(Dataset extract)
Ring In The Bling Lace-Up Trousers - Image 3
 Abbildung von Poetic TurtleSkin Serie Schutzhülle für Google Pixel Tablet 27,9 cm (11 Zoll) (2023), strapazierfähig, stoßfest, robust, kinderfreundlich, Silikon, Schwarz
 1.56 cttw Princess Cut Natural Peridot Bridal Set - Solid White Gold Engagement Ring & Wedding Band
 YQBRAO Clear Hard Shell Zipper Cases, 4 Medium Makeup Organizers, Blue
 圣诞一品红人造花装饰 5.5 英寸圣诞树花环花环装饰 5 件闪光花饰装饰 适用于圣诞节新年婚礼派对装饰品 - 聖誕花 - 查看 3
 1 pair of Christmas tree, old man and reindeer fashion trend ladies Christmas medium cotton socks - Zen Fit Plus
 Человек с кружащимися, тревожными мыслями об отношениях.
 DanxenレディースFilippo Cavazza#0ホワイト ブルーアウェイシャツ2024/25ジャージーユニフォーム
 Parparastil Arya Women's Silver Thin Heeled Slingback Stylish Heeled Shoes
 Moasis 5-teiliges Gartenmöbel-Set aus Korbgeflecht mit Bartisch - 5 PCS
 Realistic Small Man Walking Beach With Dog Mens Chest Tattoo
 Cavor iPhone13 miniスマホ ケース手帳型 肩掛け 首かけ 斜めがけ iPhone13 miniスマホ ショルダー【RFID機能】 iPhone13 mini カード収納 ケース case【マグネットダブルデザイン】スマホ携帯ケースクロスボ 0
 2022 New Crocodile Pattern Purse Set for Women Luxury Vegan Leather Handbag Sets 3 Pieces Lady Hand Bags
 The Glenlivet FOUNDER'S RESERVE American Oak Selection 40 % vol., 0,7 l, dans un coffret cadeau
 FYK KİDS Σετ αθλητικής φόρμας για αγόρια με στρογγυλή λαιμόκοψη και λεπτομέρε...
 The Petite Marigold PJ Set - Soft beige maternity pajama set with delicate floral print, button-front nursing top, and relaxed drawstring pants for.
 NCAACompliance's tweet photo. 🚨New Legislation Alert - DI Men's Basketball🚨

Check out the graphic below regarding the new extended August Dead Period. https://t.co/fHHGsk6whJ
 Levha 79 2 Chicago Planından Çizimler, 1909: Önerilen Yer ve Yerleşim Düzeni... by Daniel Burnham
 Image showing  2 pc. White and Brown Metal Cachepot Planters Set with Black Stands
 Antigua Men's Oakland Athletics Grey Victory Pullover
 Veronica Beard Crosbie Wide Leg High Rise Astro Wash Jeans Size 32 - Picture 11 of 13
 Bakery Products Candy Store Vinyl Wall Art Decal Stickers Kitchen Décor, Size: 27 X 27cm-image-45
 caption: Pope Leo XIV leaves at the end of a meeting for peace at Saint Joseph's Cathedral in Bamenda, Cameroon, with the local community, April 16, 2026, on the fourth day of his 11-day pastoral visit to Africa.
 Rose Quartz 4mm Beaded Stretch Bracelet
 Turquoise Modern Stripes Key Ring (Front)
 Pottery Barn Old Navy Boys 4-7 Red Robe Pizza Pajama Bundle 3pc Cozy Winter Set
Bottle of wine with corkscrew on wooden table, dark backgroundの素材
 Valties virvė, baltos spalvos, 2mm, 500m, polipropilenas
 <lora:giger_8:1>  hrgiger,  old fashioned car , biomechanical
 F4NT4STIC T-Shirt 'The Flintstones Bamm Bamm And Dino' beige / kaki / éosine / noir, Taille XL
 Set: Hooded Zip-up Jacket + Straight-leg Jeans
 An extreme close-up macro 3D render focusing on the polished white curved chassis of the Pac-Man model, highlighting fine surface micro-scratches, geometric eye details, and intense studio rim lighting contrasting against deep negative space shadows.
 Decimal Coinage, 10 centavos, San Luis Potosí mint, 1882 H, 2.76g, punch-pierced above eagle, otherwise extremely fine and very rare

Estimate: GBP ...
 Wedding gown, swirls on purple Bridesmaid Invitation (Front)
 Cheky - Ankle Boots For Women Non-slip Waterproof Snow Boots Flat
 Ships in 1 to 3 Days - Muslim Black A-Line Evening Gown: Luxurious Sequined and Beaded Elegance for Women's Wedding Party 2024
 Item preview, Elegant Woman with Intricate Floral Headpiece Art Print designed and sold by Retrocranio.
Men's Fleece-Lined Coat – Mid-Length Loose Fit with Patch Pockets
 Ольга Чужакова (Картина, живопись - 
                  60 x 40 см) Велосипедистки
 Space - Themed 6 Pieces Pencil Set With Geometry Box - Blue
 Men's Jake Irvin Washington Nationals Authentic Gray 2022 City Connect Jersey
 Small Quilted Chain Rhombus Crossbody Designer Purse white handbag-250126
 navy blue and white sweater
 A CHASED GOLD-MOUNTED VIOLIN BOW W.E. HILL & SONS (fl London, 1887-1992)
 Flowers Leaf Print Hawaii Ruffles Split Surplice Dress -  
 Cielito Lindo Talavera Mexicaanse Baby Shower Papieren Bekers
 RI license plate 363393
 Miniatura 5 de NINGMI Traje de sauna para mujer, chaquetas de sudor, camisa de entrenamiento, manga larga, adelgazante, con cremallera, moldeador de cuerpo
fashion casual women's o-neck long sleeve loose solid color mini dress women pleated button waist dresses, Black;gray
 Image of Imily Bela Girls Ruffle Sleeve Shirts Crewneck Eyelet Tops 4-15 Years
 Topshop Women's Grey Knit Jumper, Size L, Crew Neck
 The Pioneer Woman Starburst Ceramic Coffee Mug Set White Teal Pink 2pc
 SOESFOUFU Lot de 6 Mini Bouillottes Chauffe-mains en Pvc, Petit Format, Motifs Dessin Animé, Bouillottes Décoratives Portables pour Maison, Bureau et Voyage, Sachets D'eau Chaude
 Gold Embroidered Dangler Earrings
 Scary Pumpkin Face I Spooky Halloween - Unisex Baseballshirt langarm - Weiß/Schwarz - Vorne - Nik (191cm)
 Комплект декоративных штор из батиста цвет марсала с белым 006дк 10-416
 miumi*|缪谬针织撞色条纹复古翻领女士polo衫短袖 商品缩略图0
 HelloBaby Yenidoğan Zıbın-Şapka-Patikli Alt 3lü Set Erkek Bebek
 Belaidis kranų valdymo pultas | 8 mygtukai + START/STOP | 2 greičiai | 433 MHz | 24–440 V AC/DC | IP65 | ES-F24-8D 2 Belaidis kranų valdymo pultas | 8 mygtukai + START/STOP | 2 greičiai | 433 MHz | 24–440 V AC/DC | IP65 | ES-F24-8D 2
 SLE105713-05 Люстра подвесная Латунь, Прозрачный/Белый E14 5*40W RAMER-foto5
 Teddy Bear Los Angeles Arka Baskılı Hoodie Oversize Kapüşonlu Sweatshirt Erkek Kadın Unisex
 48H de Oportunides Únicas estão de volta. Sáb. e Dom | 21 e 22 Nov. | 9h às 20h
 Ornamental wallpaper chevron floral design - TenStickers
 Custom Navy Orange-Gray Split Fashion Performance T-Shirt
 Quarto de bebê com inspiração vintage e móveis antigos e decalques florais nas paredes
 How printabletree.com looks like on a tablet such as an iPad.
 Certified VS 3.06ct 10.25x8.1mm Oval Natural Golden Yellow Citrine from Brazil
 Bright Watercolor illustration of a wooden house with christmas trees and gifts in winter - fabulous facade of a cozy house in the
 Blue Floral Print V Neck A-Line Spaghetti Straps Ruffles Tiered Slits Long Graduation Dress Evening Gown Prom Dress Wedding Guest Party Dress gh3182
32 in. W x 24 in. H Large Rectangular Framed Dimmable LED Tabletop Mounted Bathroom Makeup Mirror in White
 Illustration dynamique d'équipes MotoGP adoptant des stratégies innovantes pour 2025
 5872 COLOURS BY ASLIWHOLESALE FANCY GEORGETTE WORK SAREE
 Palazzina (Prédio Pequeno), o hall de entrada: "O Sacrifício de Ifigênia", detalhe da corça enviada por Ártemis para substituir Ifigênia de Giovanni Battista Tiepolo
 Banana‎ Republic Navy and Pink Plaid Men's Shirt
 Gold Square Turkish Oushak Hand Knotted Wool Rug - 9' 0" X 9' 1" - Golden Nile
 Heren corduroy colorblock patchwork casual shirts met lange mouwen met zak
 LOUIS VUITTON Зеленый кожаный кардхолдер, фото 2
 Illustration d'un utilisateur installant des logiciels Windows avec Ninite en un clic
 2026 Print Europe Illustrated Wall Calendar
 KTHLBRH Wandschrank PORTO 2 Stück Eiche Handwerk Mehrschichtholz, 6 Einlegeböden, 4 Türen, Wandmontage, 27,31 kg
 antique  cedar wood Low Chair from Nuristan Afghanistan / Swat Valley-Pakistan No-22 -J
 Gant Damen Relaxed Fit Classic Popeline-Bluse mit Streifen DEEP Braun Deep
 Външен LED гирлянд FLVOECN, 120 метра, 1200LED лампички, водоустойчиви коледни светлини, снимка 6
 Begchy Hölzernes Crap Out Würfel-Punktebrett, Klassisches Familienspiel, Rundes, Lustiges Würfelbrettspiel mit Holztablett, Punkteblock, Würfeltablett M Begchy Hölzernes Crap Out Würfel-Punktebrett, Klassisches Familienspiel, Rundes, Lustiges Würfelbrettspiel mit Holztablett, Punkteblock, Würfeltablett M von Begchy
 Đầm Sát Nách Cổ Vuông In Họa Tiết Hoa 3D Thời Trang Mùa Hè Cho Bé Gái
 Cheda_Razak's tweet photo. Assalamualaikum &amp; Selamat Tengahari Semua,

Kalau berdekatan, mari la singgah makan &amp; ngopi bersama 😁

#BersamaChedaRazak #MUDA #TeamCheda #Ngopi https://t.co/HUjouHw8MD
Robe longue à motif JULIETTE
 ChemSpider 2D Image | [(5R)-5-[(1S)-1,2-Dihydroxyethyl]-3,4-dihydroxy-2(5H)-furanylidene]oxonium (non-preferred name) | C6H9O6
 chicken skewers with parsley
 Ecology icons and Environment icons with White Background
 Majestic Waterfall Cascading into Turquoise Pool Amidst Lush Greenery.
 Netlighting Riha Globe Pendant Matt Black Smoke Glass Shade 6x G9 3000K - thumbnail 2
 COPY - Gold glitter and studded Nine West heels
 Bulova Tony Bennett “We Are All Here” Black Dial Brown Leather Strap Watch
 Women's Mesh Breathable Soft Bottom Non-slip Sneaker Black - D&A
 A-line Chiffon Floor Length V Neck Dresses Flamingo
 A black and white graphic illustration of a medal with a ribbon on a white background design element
(End Dataset extract)
What you have to do:
Scan the records for the string "Split". Copy each line in which it appears.

Response below:
 Flowers Leaf Print Hawaii Ruffles Split Surplice Dress -  
 Custom Navy Orange-Gray Split Fashion Performance T-Shirt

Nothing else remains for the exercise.